The Chocolate Fix
Laboratory managers agree that getting scientists to wear personal protective equipment (PPE) in the laboratory is a daily struggle. After repeated violations for which the use of threats was ineffective, I decided a more creative approach was in order.
How One Lab's Sweet Experiment Delivered 98 Percent PPE Compliance
Laboratory managers agree that getting scientists to wear personal protective equipment (PPE) in the laboratory is a daily struggle. After repeated violations for which the use of threats was ineffective, I decided a more creative approach was in order. Following the principles of operant conditioning explained by Karen Pryor in “Lads Before the Wind, Adventures in Porpoise Training,” my company began a compliance program based on positive reinforcement with a hint of fun.
Dubbed the CIP (Chocolate Incentive Program), the program was introduced in January 2010 with the viewing of a YouTube video on lab safety (http://www.youtube.com/watch?v=WZ- 1lfammjk&feature=related). The incentive program was outlined with the following rules:
- Anyone entering the laboratory must wear safety glasses. No open-toe shoes or food (including gum or mints) allowed at any time.
- Scientists working on the bench must also wear gloves and a lab coat.
Based on random inspection, every laboratory worker who is NOT found out of compliance is given a Lindt (Lindor) chocolate truffle at his desk. (Scientists spending the day working at their desks are assumed to be in compliance.) If a scientist is found to be in violation: no chocolate. Candy is handed out two to three times per week and inspections are random.
The Lindt chocolates were chosen for a number of reasons. This is an upscale brand that comes in a variety of flavors. All Lindt chocolate truffles come individually wrapped and are color coded as to flavor. Part of the “game” was the scientists becoming familiar with the colors and flavors and developing specific preferences. (An aside, when I attempted to substitute an “inferior” brand of chocolate, the attempt was met with open hostility and the Lindt were immediately reinstated.)
In addition, there are monthly draws for $25 and quarterly draws for $100 cash. (This constitutes the Random Jackpot element of positive reinforcement.) At the beginning of each month, each scientist is given three tokens toward the monthly raffle. Anytime he is not in compliance he loses a token. An additional token can be earned by having a properly labeled and maintained laboratory bench (checked during random inspections). At the end of the month all outstanding tokens go into the draw. Quarterly winners are drawn only from those lab workers who are 100 percent compliant for the three-month period. Winners are announced in a public lab meeting.

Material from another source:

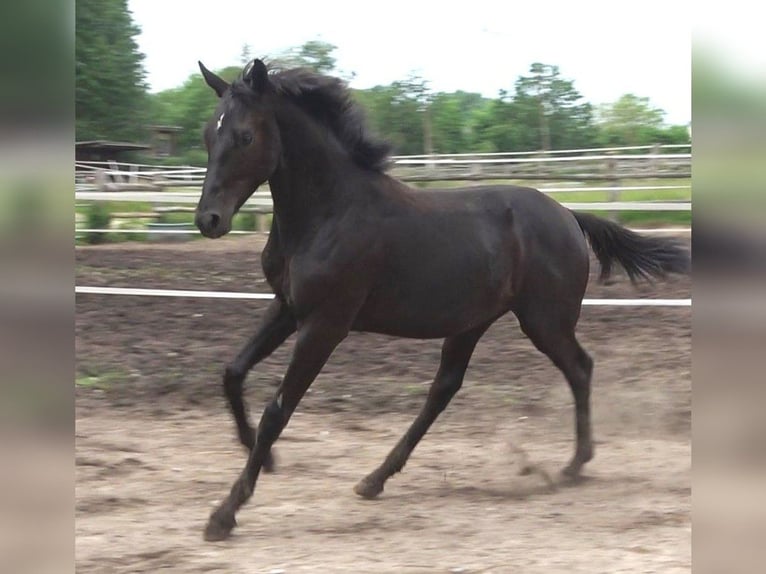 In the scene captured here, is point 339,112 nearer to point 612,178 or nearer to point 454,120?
point 612,178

Besides the obvious rewards involved, full compliance requires buy-in from the corporation for creative funding as well as from all the managers for their daily support. We started by researching why employees were loathe to wear safety glasses. The reasons were universal: Glasses are uncomfortable and they look “dorky.” So we went online and discovered Bolle Lightweight Safety Glasses. These are French designer glasses that come “silvered” and are both comfortable and “cool” looking. They were an instant hit with the younger scientists. A little negotiation with the company (Optics Planet.net) brought the price down from $12 per pair to a little over $8 when we purchased in lots of 50. We added a range of other (less chic) styles as well as corporate-purchased prescription safety glasses in a variety of frames to further add to the employee choices.
We did similar studies on gloves and settled on Kimberly Clark Safeskin and Evolution One for powderless latex and Safeskin Nitriles for nonlatex. Glove comfort improved compliance.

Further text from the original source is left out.